Vivado Screenshot with bubble annotations of a single, bi-direction 512-bit SLR crossing circuit.

  1. You can also unzip the DCP (treating it like an ordinary ZIP file) and inside you’ll find Verilog and VHDL stubs that can be imported into RTL designs for black box inclusion. Example output below:
$ unzip slr_crosser.dcp
Archive:  slr_crosser.dcp
  inflating: slr_crosser.edf
  inflating: slr_crosser.xdef
  inflating: slr_crosser_late.xdc
  inflating: slr_crosser_stub.v
  inflating: slr_crosser_stub.vhdl
  inflating: dcp.xml
$ cat slr_crosser_stub.v
// This file was generated by RapidWright 2018.2.0.

// This empty module with port declaration file causes synthesis tools to infer a black box for IP.
// Please paste the declaration into a Verilog source file or add the file as an additional source.
module slr_crosser(clk_in, clk_out, input0_north, input0_south, output0_north, output0_south);
  input clk_in;
  output clk_out;
  input [511:0]input0_north;
  input [511:0]input0_south;
  output [511:0]output0_north;
  output [511:0]output0_south;
endmodule
$

Optionally, you can open the DCP in Vivado and write out the netlist as EDIF, Verilog or VHDL to be packaged as an IP. The DCP can then be dropped into the IP cache later.

  1. As one additional example, the generator is capable of using every SLL in the device.

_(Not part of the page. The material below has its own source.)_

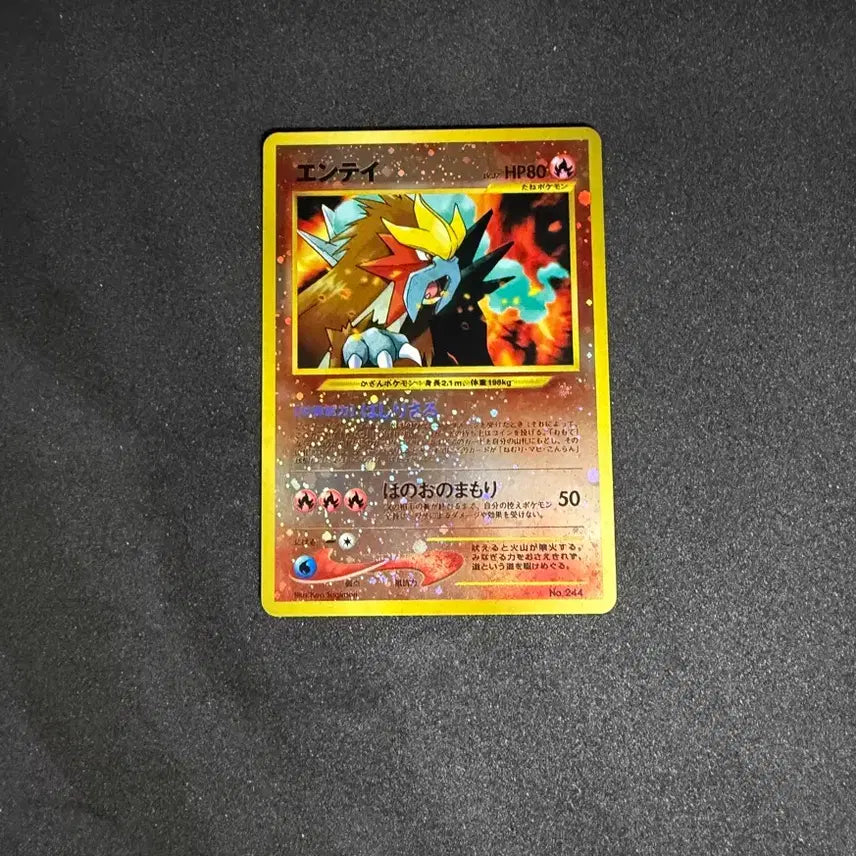 [BUNJANG] Pokemon Card Neo Premium File 2 Entei Holo / 포켓몬카드 빈티지 올드백 네오프리미엄파일2 엔테이 홀로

To generate such a DCP for a VU9P device, run:
$ java com.xilinx.rapidwright.examples.SLRCrosserGenerator -w 720 -l LAGUNA_X0Y120,LAGUNA_X2Y120,LAGUNA_X4Y120,LAGUNA_X6Y120,LAGUNA_X8Y120,LAGUNA_X10Y120,LAGUNA_X12Y120,LAGUNA_X14Y120,LAGUNA_X16Y120,LAGUNA_X18Y120,LAGUNA_X20Y120,LAGUNA_X22Y120,LAGUNA_X0Y360,LAGUNA_X2Y360,LAGUNA_X4Y360,LAGUNA_X6Y360,LAGUNA_X8Y360,LAGUNA_X10Y360,LAGUNA_X12Y360,LAGUNA_X14Y360,LAGUNA_X16Y360,LAGUNA_X18Y360,LAGUNA_X20Y360,LAGUNA_X22Y360

The resultant DCP should look similar to the following in Vivado:

_images/Full_SLR_crossing.png

Vivado Screenshot of all SLLs being used at potentially a 760MHz for a speed grade 2 device.